Saturday, October 05, 2024

Lebanon showdown and risk of wider conflict overshadowing Gaza war a year on

Contrary to what Hamas seems to have expected, there has been no reversal of Arab policies towards Israel.

Saturday 05/10/2024

Palestinian children gather at a destroyed vehicle, amid the Israel-Hamas conflict, in Khan Younis in the southern Gaza Strip. REUTERS

GAZA/ BEIRUT –

Palestinians fear the crisis in Lebanon is diverting the world’s attention from Gaza and diminishing already dim prospects for a ceasefire a year into a war that has shattered the enclave.
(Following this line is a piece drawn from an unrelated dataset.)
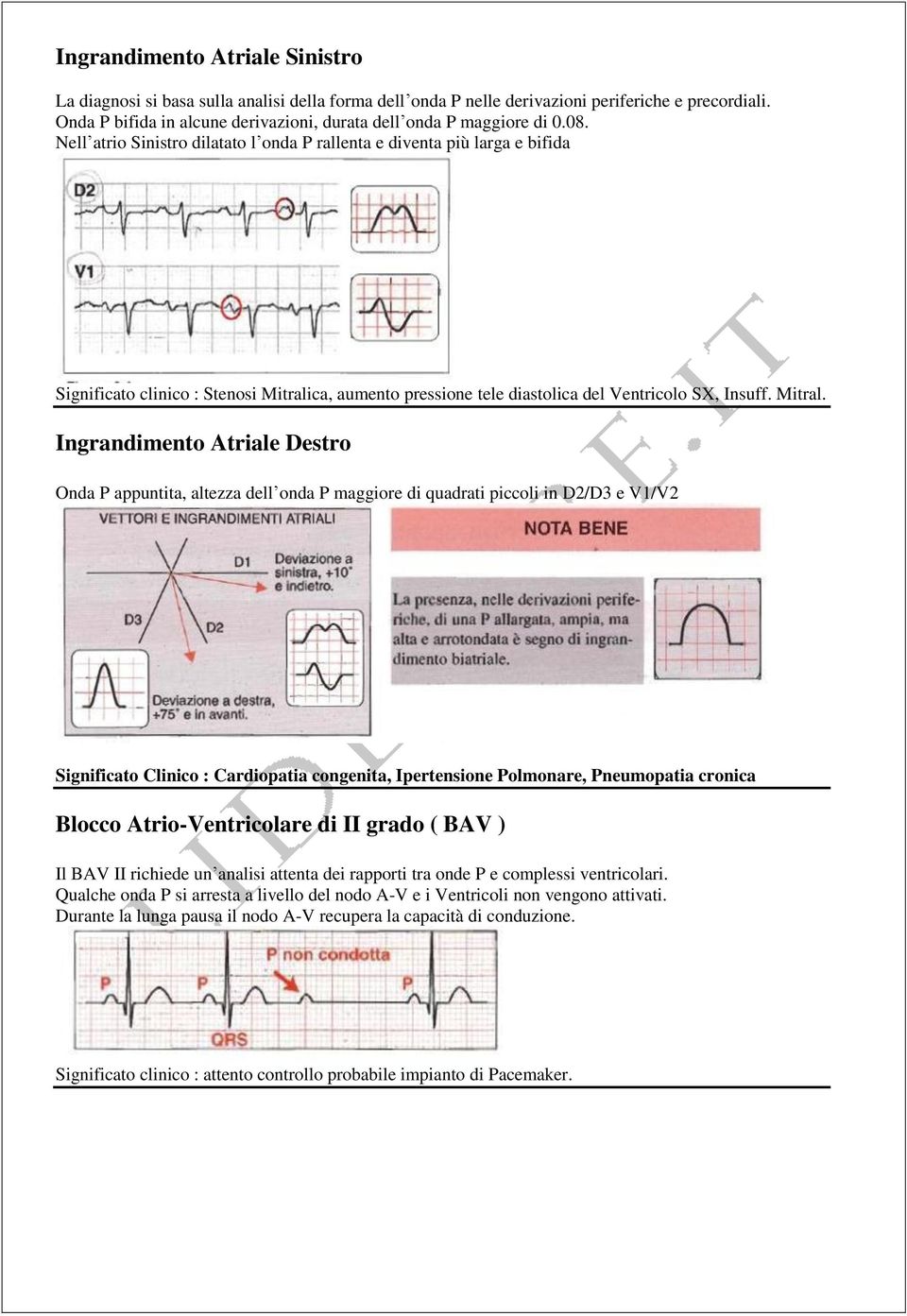 Nell atrio Sinistro dilatato l onda P rallenta e diventa più larga e bifida Significato clinico : Stenosi Mitrali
An escalation in the conflict between Israel and Iran-backed militant group Hezbollah over the past two weeks, including the assassination of the militant group’s chief, Hassan Nasrallah, has led to intensifying clashes between Israeli and Hezbollah forces inside Lebanon and fuelled fears of a wider regional war.
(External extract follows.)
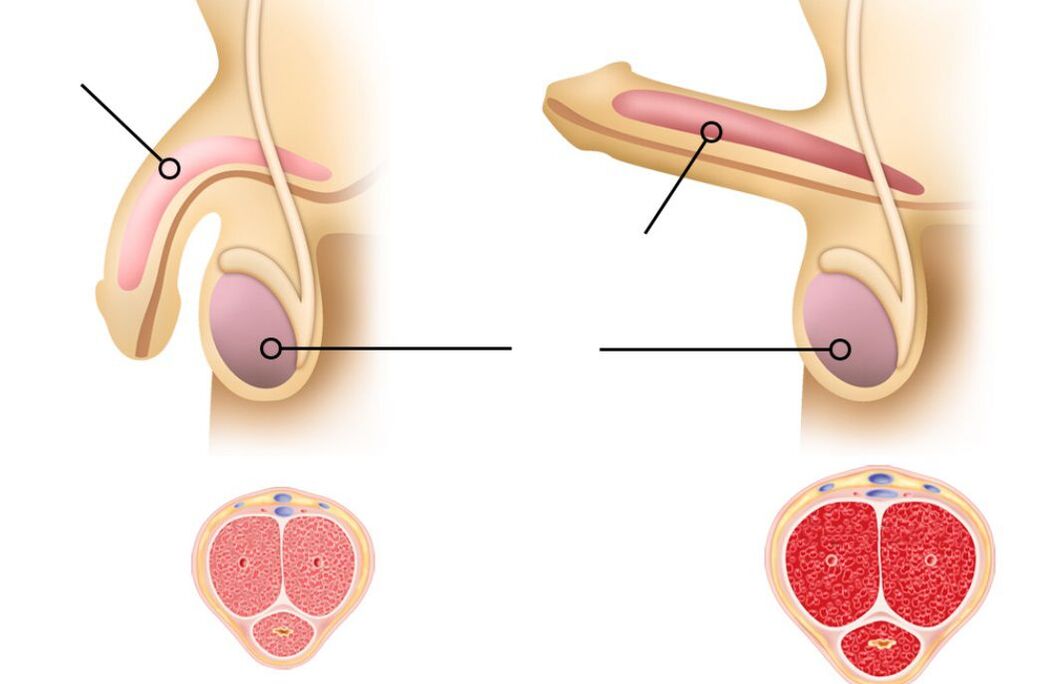 causes of decreased potency in men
When Iran launched ballistic missiles at Israel late on Tuesday, provoking an Israeli promise of a “painful” response, some Gazans welcomed the salvo visible in the skies overhead as a sign Tehran was fighting for their cause.

Sami Abu Zuhri, a senior Hamas official, said prospects for a Gaza ceasefire deal, which would see the release of Israeli hostages held in Gaza and Palestinians jailed by Israel, were distant before the escalation in Lebanon. A regional conflagration could lead to pressure on Israel to strike a deal in Gaza, he thought.

But with attention swinging to Lebanon, the war in Gaza risked being prolonged, said Ashraf Abouelhoul, managing editor of state-owned newspaper Al-Ahram in Egypt, whose government has helped mediate months of ceasefire negotiations.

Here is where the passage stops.